- _WHAT IS BEING ASKED_: Below are entries with pictures among them; reproduce exactly, and only, the lines from the one containing "Image 15 of 39: Bathroom" down to the one containing "Magnificent townhouse for", without the pictures.

- _THE RECORDS_:

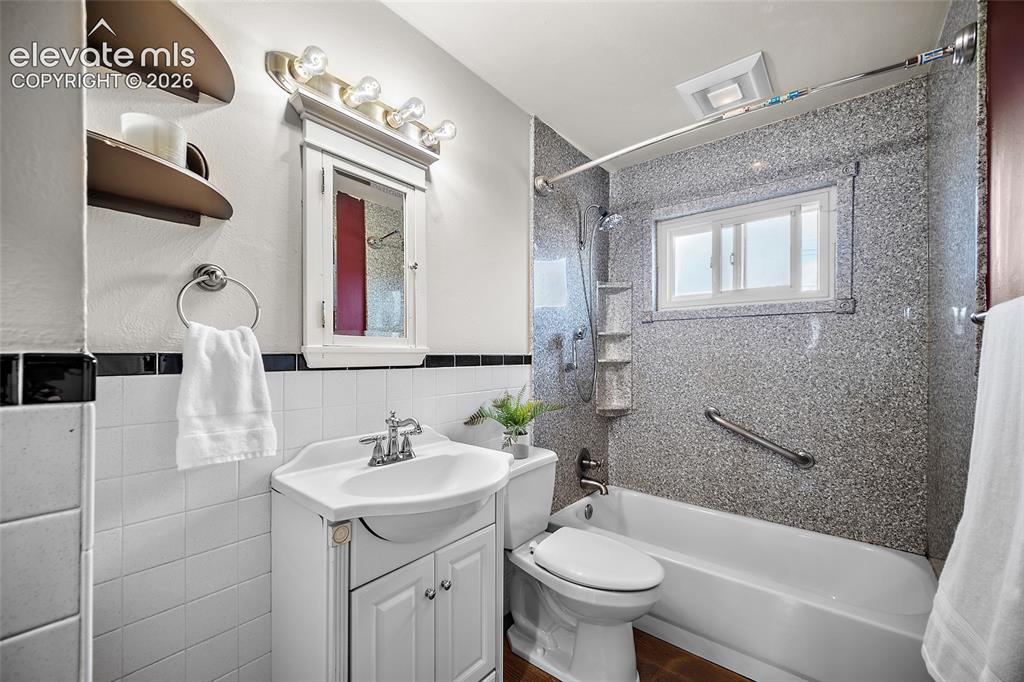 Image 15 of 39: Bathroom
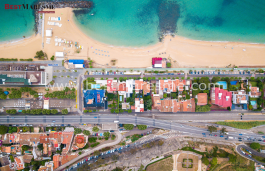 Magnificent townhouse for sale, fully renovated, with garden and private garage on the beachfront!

...

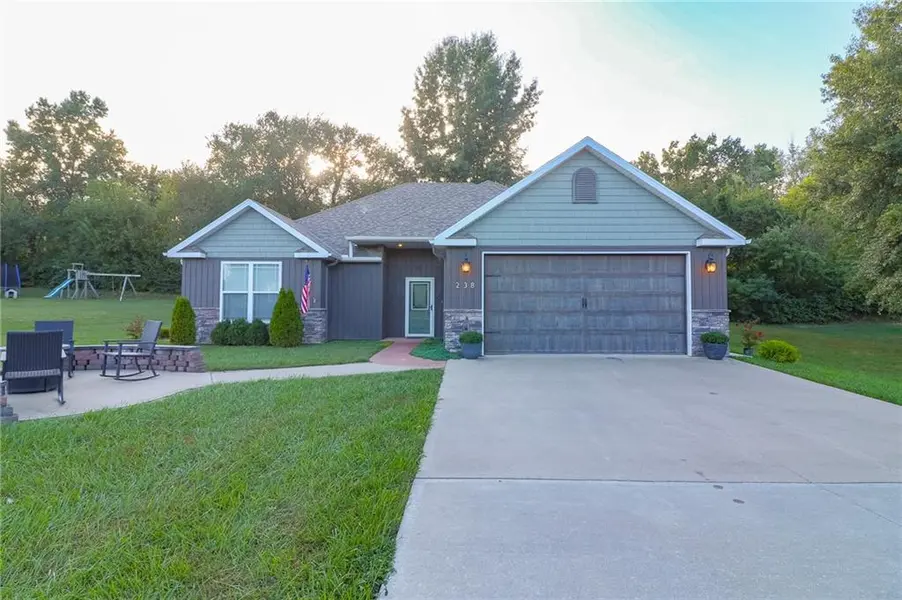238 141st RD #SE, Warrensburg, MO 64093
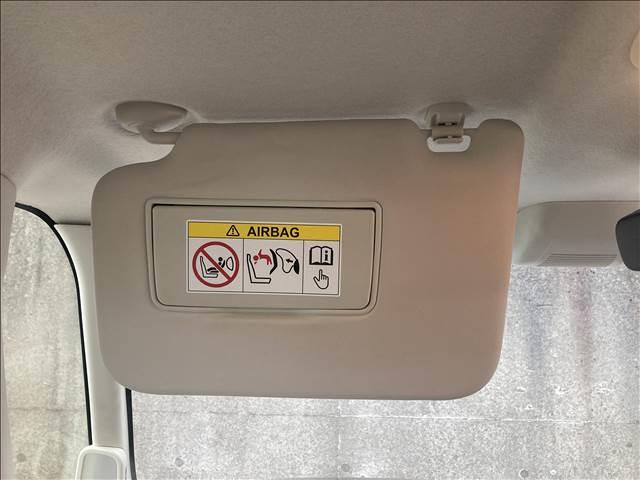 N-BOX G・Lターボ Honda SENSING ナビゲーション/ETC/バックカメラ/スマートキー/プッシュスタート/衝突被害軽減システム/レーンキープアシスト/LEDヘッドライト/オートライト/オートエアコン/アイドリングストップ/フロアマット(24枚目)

==

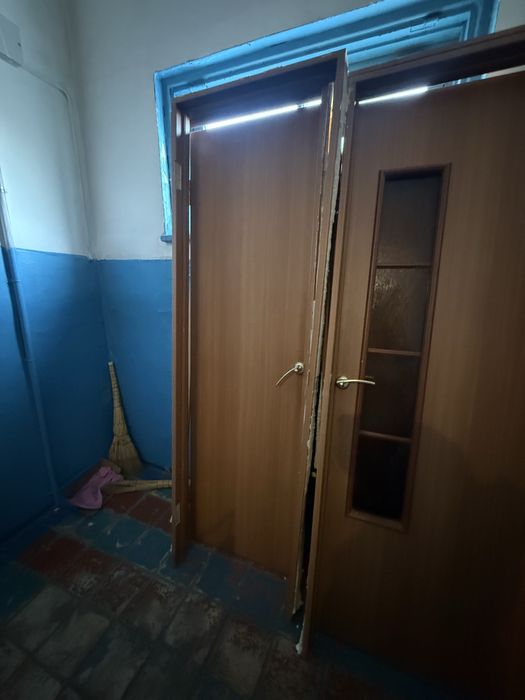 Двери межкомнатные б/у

- _WRITTEN ANSWER_:
 Image 15 of 39: Bathroom
 Magnificent townhouse for sale, fully renovated, with garden and private garage on the beachfront!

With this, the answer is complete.